非人道的で外道な術を使い続けていた場所だからかもしれない。

訳も分からず連れて来られて、苦しみ殺された人々の無念がこびりついているようだった。

拭っても消えない血痕。痛みに暴れた人々の残した痕。そして、残された魔術の執り行われた跡。忌まわしいその部屋に、二人の女性がいた。

橙がかった濃い金髪に青の瞳のハーフエルフ……フィーユと、燃えるような赤毛に同じ紅色の瞳の女性だった。

フィーユは赤毛の女性を地面に押し倒し、剣を首筋に当てていた。

「スカラ……」

視界が、涙で滲んでいく。

「スカラ……私は……」

苦しくて、哀しくて。
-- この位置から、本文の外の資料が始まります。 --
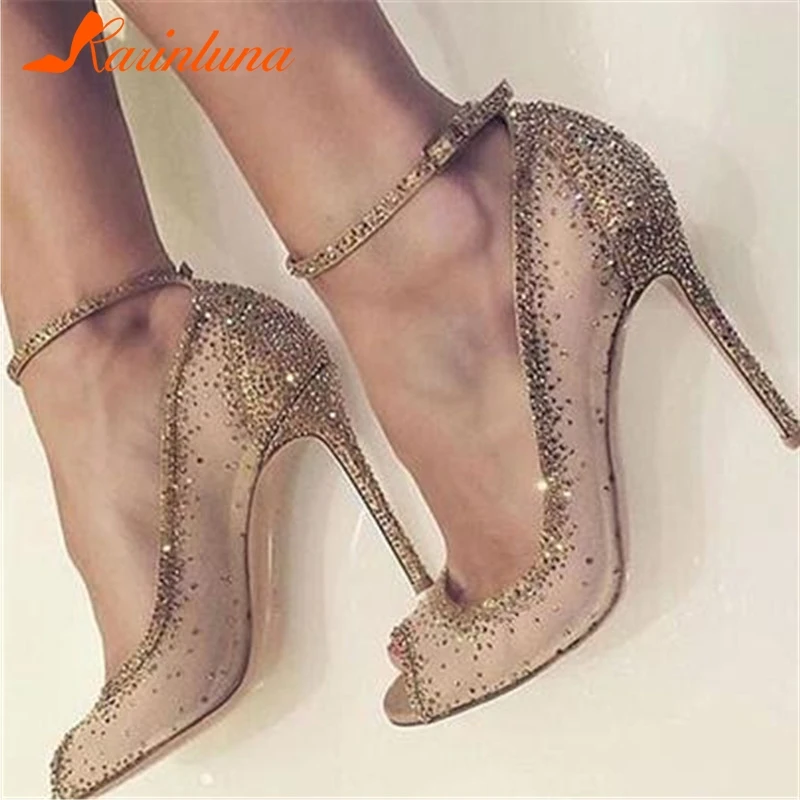 KARINLUNA New Fashion Big Size 35-43 Ankle Strap Crystal High Heels Shoes Woman Casual Wedding Party Sexy Spring Summer Pumps KARINLUNA New Fashion Big Size 35-43 Ankle Strap Crystal High Heels Shoes Woman Casual Wedding Party Sexy Spring Summer Pumps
でも、逃げるわけにはいけない。だから、フィーユは剣を親友に向ける。

赤毛の女性は……スカラムーシュと名乗る彼女は、優しくほほ笑んでいた。

「ごめんね、フィーユ。優しい貴女に、こんな役割を押しつけて」

剣をあてた所から、血が流れていく。

真っ赤な血が。

それを見て、フィーユは剣を引いてしまった。

殺さなければならない。だが、親友を、ようやく見つけた大切な友を、まだ人の理の中にいる彼女を、殺す事が出来ようか。

殺せない。殺したくない。

まだ、なにか方法があるはず。

そんなフィーユの様子を見て、スカラは哀しそうに首を振った。

「私は、もう死んでいるの。だから、お願い……私を、ちゃんと殺しきって、フィーユ」

嫌だ。誰かが居なくなるのは嫌だ。

かつての旅の仲間たちは次々に居なくなってしまった。ようやく出来た親友を、自分の剣で殺す事なんてできない。

涙を流しながら首を振るフィーユを、スカラはそっと頭を撫でた。

「なに、泣いてるの? 貴女はこの後私を殺す、それは決まったことでしょ。私は、貴女に世界を害する存在だから殺されるの。泣きたいのは私のほうよ」

「え……?」

心を抉る言葉を、フィーユは呆然と聞いていた。

「冷酷の魔女。ふさわしい二つ名ね。だって、貴女は親友の首を落して殺してしまうんだもん。さあ、この首を斬って」

こんなことを、スカラムーシュは言わない。言わなかったはずだ。

フィーユは混乱しながら、その場から逃げようとした。

よく知っているはずのスカラムーシュが、得体のしれない存在に見えたから。しかし、体が動かない。それどころか、勝手に腕が動いていく。

「い、や……いやだ」

スカラの細い首に、剣を向ける。

こんな過去、知らない。これは、悪夢だ。ありえないことだ。

これは、過去の再現だったとフィーユは思っていた。スカラムーシュを、過去のフィーユはこの後殺した。でも、スカラはこんな事を言っていない。

言っていないはずだ。

これは、悪夢だ。

また、スカラを殺さないといけないなんて。

腕が、勝手に動いていく。

簡単に、剣は振るわれる。

フィーユはスカラを殺した。

首が落ち、周囲を鮮血が赤く染めていく。

「ほら、結局私を殺す」

声が、フィーユを攻め立てる。

「卑怯者」

「なにも知らないで生き残って」

「私を殺しておいて」

知らない。こんな過去、知らない。

フィーユは耳を塞ぎ、目を閉じようとする。

でも、出来ない。

「ねぇ、なんで生きてるの?」

転がっていた生首が、恨めしそうに言った。

「いやああああああっ!!」

これは、ありえない過去だ。こんな事をスカラは言わない。しかし、それでもスカラの声で紡がれる言葉は、フィーユの心を容赦なく抉っていく。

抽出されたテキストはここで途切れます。